The tragedies of terror attacks on individuals and occupied buildings are horrible enough without the indecent use of victims as commiseration pawns.
Despite the sham rhetoric of national prestige that underpins the LDP stance, there is no way in the world that a strategy of confrontation will work vis-à-vis the stubborn nationalism of Japan’s neighbors. The only means to settle these territorial and abduction disputes is through prolonged negotiation based not on in-your-face assailment but on persuasion and compromise leading to the securing of mutually beneficial strategic outcomes.
If the LDP wins this election and goes ahead with its plans to recast the military — subject, of course, to half Japan’s eligible referendum voters agreeing — then the only thing that can be expected is heightened aggravation from neighbors and the rattle of slogans leading to violence.
Abe is as poor a historian as he is a judge of strategy.

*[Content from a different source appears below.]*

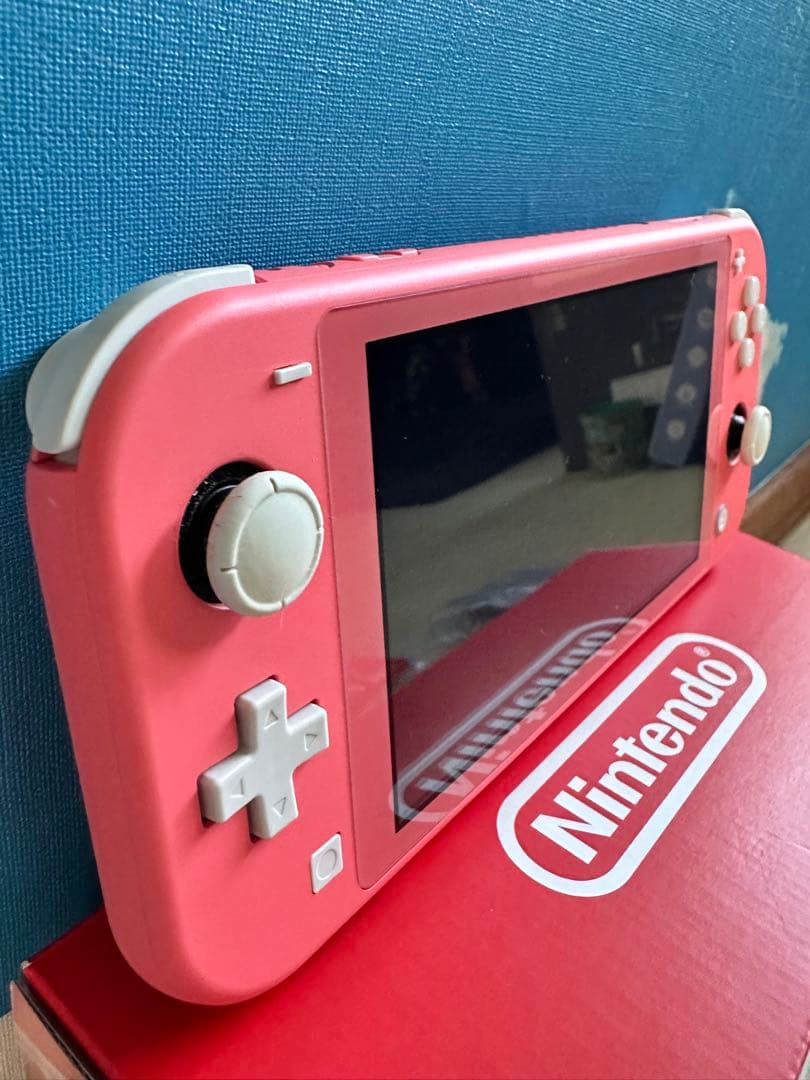Switch LITE ピンク本体　充電器　SDカード付き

While it is true that the Constitution was drafted by a team established under the auspices of the Allied Occupation authorities, and was presented to the Japanese government by them, that was done primarily to ensure the viability of the Emperor as head of state — something that Japanese politicians and bureaucrats alike considered their primary concern.
There were popular moves afoot in Japan at the beginning of 1946, when the Constitution was written, to formulate a so-called People’s Constitution — one that reflected the anti-Imperial sentiment pervading Japanese society at the time.
Had this been allowed, MacArthur feared the status of the Emperor might be forsaken — a personage he was in a hurry to protect not only from popular sentiment but also from the belligerent anti-Imperial position taken by certain of the United States’ allies in the Occupation — primarily Australia and the U.S.S.R.
Japanese officials considered Article 9, the so-called peace clause, a reasonable price to pay to protect their beloved monarch.
As for Article 9 not being suited to the exigencies of our century, the truth is precisely the opposite.
Violent clashes of military force backed up by the threat of nuclear devastation may, on the odd occasion, allow a country to plant its flag on some territory or other. But this only adds to the injury of pride later on, providing a future bone of contention that sticks in the loser’s throat. The only lasting peace is one fashioned through mutual and advised consent.
To refute Abe’s third point, that Japanese people must have a Constitution of “their own,” I would cite one of the greatest statesman of the era, and one who was intimately involved in the constitutional dilemma of 1946.
Jiro Shirasu, a Cambridge University graduate and fluent English speaker who produced the first Japanese-language draft of the Constitution, said this: “Whether it was forced on us or not, should we not accept it in a straightforward manner? When something is good, it’s good. …
“It was in our era that we prosecuted the stupid war, so aren’t we obliged to feel more acutely the responsibility for losing it so badly?”
If Abe becomes the next prime minister, the threat of Japan becoming involved in another “stupid war” becomes real.
That the Constitution has overseen peace and prosperity in Japan for more than 65 years is a tribute to its validity. Destroy that and all Asia may plunge into nationalistic clashes and cross-border turmoil.
Article 9 of the Constitution is not only the mainstay of Japan’s integrity — it is the hope of all Asia. This election may be key to deciding its future once and for all.